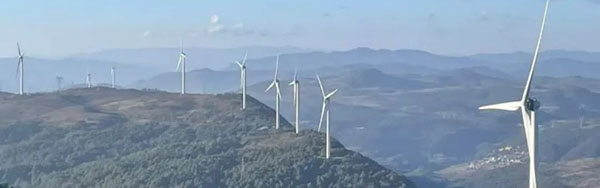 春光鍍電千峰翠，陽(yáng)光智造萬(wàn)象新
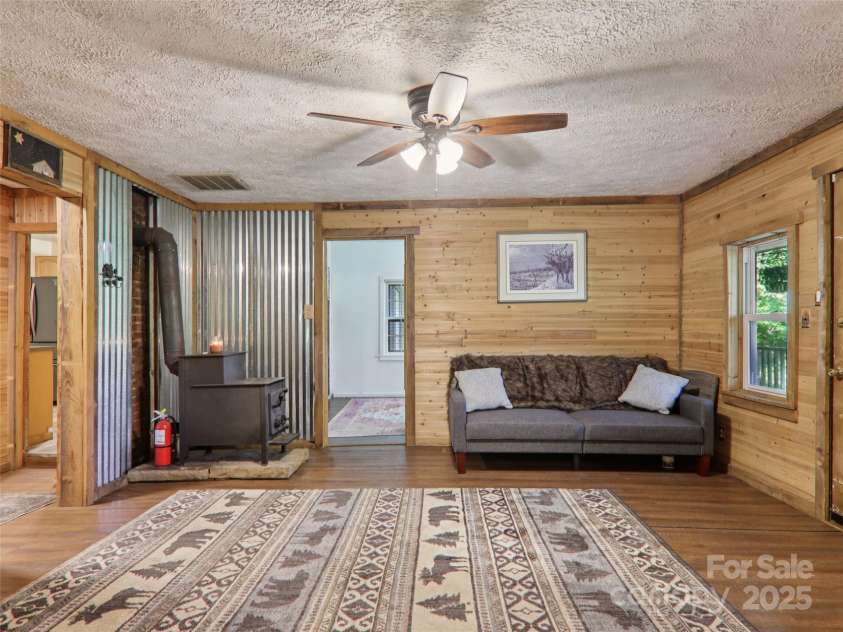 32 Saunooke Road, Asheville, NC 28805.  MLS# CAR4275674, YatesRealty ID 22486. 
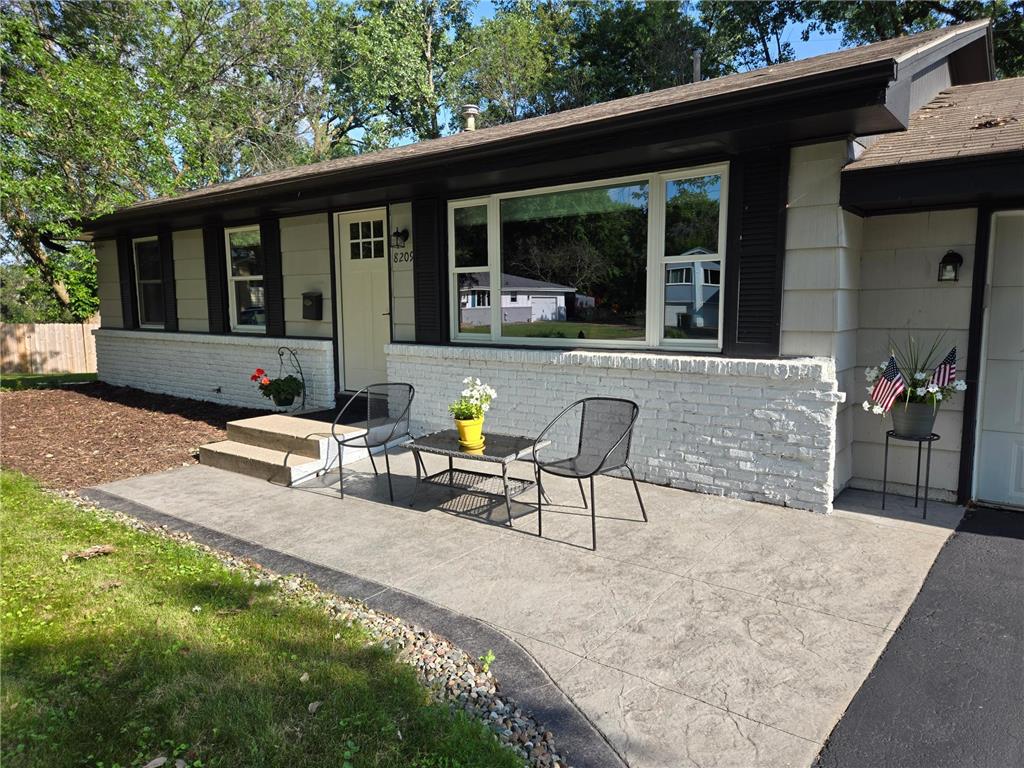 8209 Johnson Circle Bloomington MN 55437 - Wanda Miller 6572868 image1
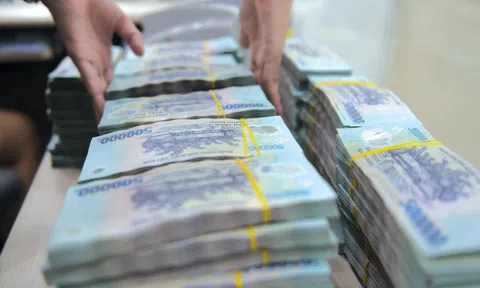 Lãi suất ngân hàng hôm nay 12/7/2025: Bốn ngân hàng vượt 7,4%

+ + + + +

## [THE TASK]
Reproduce the data above exactly, leaving out any picture in it.

## [SOLUTION]
 春光鍍電千峰翠，陽(yáng)光智造萬(wàn)象新
 32 Saunooke Road, Asheville, NC 28805.  MLS# CAR4275674, YatesRealty ID 22486. 
 8209 Johnson Circle Bloomington MN 55437 - Wanda Miller 6572868 image1
 Lãi suất ngân hàng hôm nay 12/7/2025: Bốn ngân hàng vượt 7,4%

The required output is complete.